Reprenant la route avec leur chauffeur Uberto, les PJ se font déposer en pleine forêt, et continuent à pied jusqu’au village tinguian.
Une fois sur place, les PJ préparent leur plan avec leurs nouveaux amis. Ils remettent à Marikit le talisman pour se protéger de l’Aswang, et le flacon d’huile pour qu’elle puisse signaler son arrivée, tandis que Bagbagak reçoit le fouet en queue de raie qui servira à le tuer. La jeune femme est placée dans une hutte en hauteur au centre du village. Les guerriers et les PJ se cachent aux alentours, prêts à se précipiter sur l’Aswang dès qu’il arrivera.
Une fois le piège tendu, le groupe attend pendant une partie de la nuit, à l’affût du moindre bruit. C’est à l’heure la plus sombre que la silhouette d’une grande roussette vient se poser sous la hutte de Marikit. Un instant après, c’est un grand chien jaune qui se tient au même endroit, pointant son museau vers le plancher de bambou.
Un cri d’alarme retentit, et les PJ, accompagnés des chasseurs tinguians, se précipitent sur la bête. Le professeur Bolgenstein parvient à s’emparer de la langue démesurée que l’Aswang est en train d’étirer. Il le retient tandis que ses compagnons criblent la créature de balles, et que Bagbagak le frappe à coups de cravache.
Au bout de quelques instants, le chien éreinté change à nouveau de forme : les PJ découvrent Matias del Rosario, nu, agenouillé et les mains jointes, en train de réciter un
pater noster. Bagbagak lève alors sa machette, et lui coupe la tête.
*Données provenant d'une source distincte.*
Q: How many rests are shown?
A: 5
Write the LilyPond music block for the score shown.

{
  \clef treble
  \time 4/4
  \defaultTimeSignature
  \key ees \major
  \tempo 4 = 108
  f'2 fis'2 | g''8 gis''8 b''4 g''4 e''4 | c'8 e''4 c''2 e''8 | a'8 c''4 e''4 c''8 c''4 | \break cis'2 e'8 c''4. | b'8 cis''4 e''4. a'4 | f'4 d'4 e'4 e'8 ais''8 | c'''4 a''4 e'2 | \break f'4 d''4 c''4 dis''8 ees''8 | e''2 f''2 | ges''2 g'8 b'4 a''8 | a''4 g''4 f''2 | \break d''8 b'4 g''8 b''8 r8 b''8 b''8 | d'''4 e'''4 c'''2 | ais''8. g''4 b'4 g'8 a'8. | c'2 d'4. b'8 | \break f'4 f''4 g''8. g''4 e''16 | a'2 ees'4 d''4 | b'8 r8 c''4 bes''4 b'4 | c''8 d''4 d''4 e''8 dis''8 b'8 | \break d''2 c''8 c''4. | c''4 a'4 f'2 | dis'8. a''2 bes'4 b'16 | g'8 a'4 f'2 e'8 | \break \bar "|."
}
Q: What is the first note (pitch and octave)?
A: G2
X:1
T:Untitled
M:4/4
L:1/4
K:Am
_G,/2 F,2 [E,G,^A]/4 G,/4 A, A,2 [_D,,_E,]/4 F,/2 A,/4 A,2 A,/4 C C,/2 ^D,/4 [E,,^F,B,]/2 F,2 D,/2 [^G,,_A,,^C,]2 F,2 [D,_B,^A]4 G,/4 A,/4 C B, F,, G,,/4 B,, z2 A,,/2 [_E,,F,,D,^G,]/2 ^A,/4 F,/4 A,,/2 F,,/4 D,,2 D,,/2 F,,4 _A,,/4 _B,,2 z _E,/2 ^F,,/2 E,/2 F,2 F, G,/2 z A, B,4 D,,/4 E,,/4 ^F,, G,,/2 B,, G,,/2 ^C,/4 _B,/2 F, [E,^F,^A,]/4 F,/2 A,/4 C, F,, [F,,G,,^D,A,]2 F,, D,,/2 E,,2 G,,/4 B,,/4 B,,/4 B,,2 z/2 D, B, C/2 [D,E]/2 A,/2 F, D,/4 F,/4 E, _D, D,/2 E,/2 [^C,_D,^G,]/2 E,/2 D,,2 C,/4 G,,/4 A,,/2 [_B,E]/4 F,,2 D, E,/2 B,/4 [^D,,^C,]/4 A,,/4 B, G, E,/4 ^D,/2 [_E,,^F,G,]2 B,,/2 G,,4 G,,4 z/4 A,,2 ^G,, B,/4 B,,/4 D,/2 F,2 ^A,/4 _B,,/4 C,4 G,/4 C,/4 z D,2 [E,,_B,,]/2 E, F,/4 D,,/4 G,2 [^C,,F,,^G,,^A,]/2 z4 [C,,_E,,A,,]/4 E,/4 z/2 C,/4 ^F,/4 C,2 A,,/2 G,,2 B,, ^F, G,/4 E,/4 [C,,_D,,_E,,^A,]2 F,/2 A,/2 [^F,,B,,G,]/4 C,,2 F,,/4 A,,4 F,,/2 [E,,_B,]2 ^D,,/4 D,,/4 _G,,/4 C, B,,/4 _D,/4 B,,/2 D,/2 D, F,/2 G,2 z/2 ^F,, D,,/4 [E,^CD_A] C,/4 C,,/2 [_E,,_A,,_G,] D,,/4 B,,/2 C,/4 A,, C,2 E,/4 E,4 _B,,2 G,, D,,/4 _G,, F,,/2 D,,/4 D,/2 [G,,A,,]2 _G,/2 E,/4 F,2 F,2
En examinant le corps, les PJ remarquent que son dos est strié de cicatrices anciennes. Ce sont les coups de discipline que Rosario, en fervent catholique, s’est infligé tout au long de sa vie en pénitence de ses crimes.
Les Tinguians se réjouissent de la mort de l’Aswang, et remercient chaleureusement les PJ (notamment Bolgenstein). Puis ils brûlent le corps de Rosario, s’accordant pour que personne ne parle de l’événement. Nul ne devra savoir comment le propriétaire terrien a pu disparaître au beau milieu de la nuit, sans laisser de trace.